Before the examination, you will be asked to complete a 2 page questionnaire where you will share what concerns you have about your child’s eyes as well as detailing all of your child’s medical problems, past surgical procedures, medications, and allergies. Dr. Burke will thoroughly review this information with you specifically addressing facts that may impact the child’s eye problem.

Parents are requested to stay with their child throughout the entire examination. Infants and small children are examined while sitting on the parent’s lap while older children are encouraged to sit in the exam chair by themselves.

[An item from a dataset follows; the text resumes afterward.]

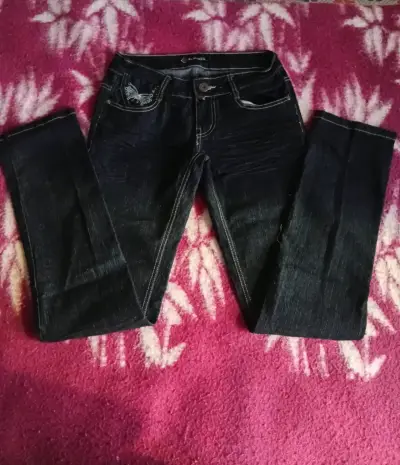 Jeans oscuros con bordado de mariposa para mujer - miniatura 1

The examination consists of a vision evaluation (visual fixation ability, age-appropriate and easily recognizable pictures, or alphabet letters), check eye movements and eye muscle alignment, perform an external and microscopic examination of the eye and eyelids, determination of the focusing powers of the eye (refraction), and the evaluation of the inside the eye (retina and optic nerve). When necessary, eyedrops are used to help verify the refraction as well as dilating the pupil allowing an easier view of the structures inside the eye. There is no discomfort from the many instruments and lights that are used during an eye doctor’s evaluation. The only part of the eye examination that may be uncomfortable is the brief stinging the eyedrops cause.

When the examination has been completed, Dr. Burke will discuss his findings and recommendations. All your questions will be thoroughly answered.